What is being asked: Keep the images out and copy every entry below exactly.

____ Exercise inputs

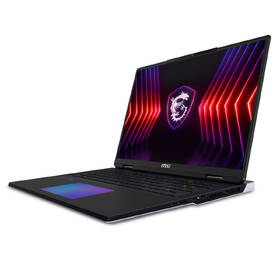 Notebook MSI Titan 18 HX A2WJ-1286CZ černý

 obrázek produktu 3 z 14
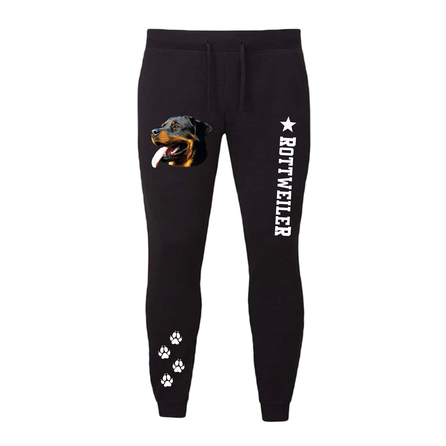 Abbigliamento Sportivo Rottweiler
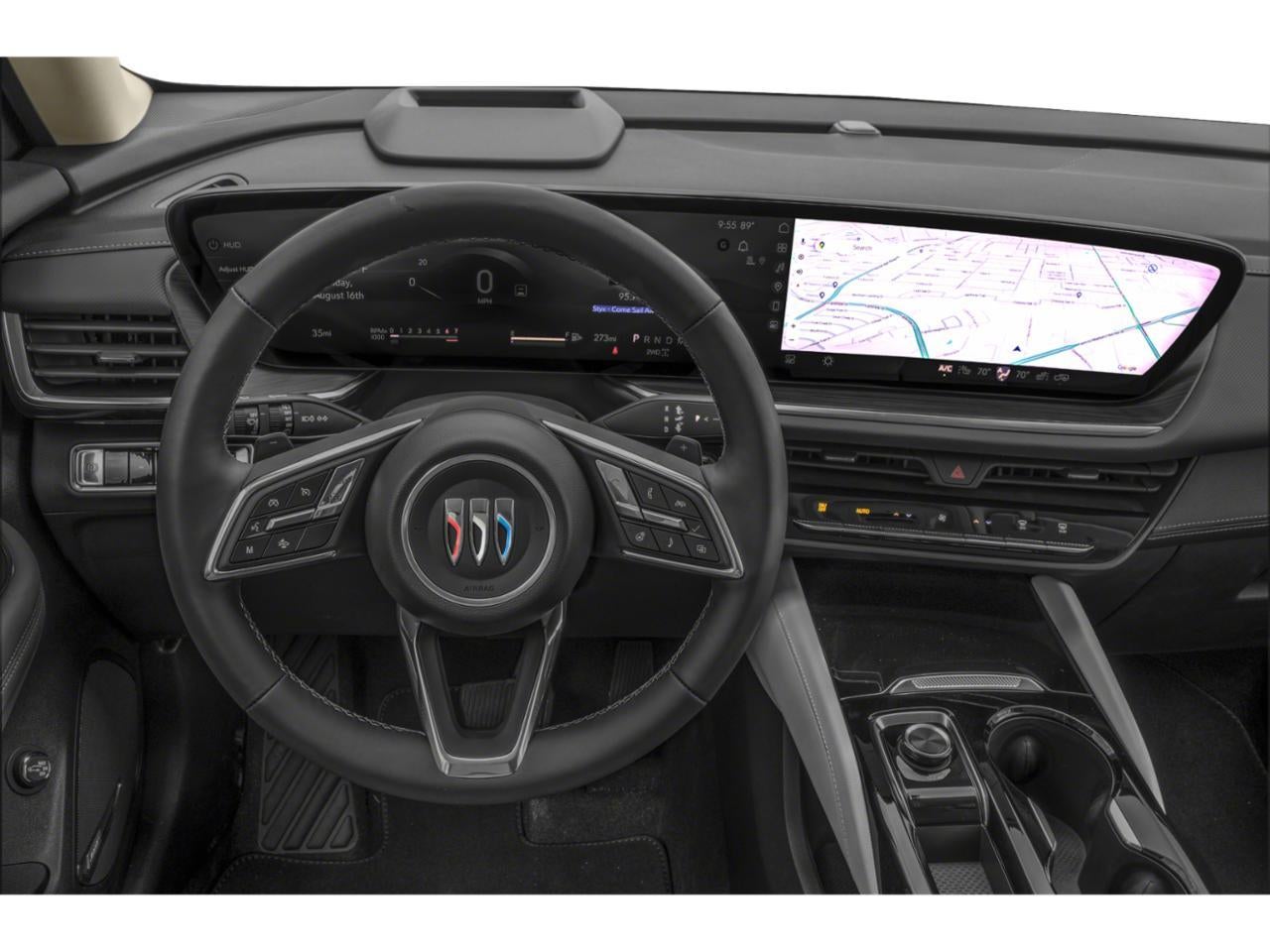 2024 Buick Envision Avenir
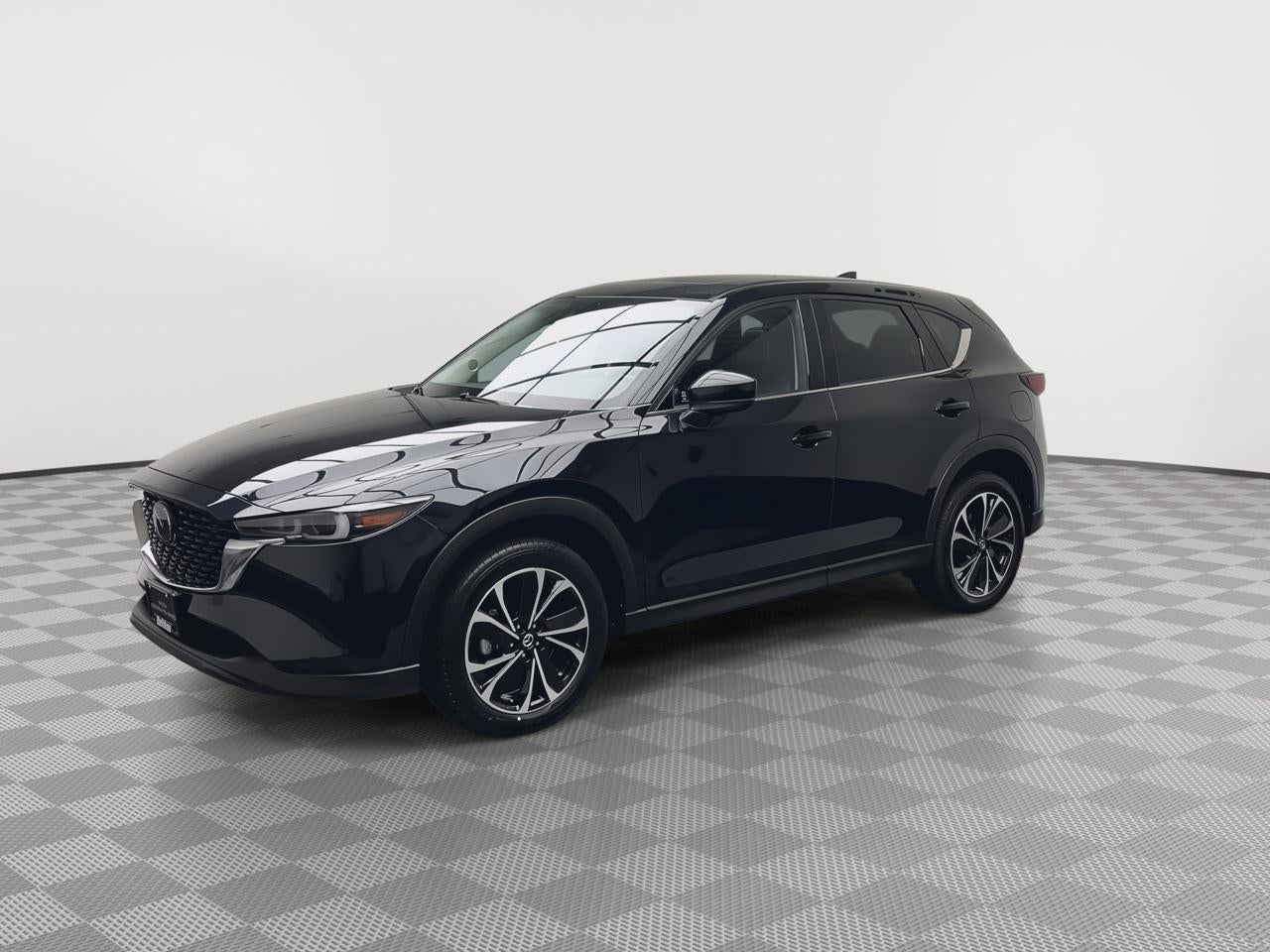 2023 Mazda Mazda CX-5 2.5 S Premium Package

________

Solution:
 Notebook MSI Titan 18 HX A2WJ-1286CZ černý

 obrázek produktu 3 z 14
 Abbigliamento Sportivo Rottweiler
 2024 Buick Envision Avenir
 2023 Mazda Mazda CX-5 2.5 S Premium Package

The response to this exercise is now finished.